第零章 プロローグ

0.1 おでんと熱燗

仙台のおでんの名店、「おでん三吉

すべては私が仙台のおでんの名店、「おでん三吉」を訪れたことに端を発する。そもそもおでんの専門店に行くのも今回が初めてだったが、その雰囲気に完全に心奪われてしまったのだ。

年季の入った木製のカウンターと、目の前には矩形の鍋に浮かぶ美味しそうなおでん達。

熱燗は秋田の高清水。徳利もおでん仕様

専門店で食べるおでんは本当に美味しかった。そしてそれ以上におでん屋で呑む酒の素晴らしさに心を打たれたのである。
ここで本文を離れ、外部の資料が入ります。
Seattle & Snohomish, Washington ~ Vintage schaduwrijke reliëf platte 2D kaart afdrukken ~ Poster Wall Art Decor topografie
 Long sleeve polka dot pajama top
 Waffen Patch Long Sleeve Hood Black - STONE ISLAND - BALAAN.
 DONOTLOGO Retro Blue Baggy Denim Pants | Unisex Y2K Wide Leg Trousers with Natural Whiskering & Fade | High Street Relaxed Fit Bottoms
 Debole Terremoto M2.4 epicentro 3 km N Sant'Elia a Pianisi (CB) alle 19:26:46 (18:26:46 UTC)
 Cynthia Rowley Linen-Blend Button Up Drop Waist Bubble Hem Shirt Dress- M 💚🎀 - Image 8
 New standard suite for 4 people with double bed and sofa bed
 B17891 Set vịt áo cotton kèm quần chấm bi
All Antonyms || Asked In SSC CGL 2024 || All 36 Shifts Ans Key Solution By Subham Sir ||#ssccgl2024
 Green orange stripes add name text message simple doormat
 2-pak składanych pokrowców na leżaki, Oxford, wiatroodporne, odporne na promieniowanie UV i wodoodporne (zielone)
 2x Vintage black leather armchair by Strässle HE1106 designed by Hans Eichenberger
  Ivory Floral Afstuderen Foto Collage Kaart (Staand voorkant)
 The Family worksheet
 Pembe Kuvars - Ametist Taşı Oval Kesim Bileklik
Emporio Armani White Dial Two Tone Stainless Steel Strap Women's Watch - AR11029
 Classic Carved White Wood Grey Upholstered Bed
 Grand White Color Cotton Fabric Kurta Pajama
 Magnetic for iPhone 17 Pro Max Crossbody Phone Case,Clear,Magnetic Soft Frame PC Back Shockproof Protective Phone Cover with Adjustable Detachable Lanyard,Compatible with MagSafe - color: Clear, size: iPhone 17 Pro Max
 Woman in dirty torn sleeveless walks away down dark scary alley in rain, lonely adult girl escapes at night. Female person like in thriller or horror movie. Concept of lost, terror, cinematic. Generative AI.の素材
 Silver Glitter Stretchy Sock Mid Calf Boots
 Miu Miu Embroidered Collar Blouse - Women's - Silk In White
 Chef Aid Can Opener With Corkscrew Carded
東北の寒空の中、駆け込んだおでん屋さん。目の前の鍋には美味しそうなおでんが浮かび、その隣では日本酒がちろりで暖められている。大将に注文を告げて、年季の入った木製カウンターに置かれる温かいおでんと熱燗。 こんな素晴らしい世界が存在していたのか…

私のおでん屋デビューは大成功に終わり、この喜びを一人でも多くの酒飲み野郎と共有したいという気持ちを抱いたのであった。

0.2 青葉山おでん計画 発動

国際学会でポルトガルに行ったラボメンが買ってきてくれたポートワインを研究室で呑む

後日、さっそく研究室の酒呑み達に、この素晴らしきおでん体験記を語った。おみやげのポートワインを飲みながら、話はどんどん盛り上がる。

「研究棟の目の前におでん屋台ほしいっすよね」

「わかる、めっちゃ欲しい」

「赤ちょうちんを光らせよう。そして椅子はもちろんビールケースだ」

「天才かよ。ビールケースにはボロ座布団を敷こう」

「酒はもちろん東北の日本酒を熱燗で。ビールは瓶ビールに限る」

「もう完璧じゃないっすかそれ…」

各々の抱く理想のおでん屋台像が怒涛の勢いで集結し、みるみるうちに夢のおでん屋台が形になっていく。こうして酒呑み達の決意は固まった。

「おでん屋台を自分たちで作ってしまおう」

「決行日は一ヶ月後の修士論文中間審査会の当日」

「最高の打ち上げを自作のおでん屋台という最高の空間で成し遂げよう」

こうして青葉山おでん計画がスタートしたのだ。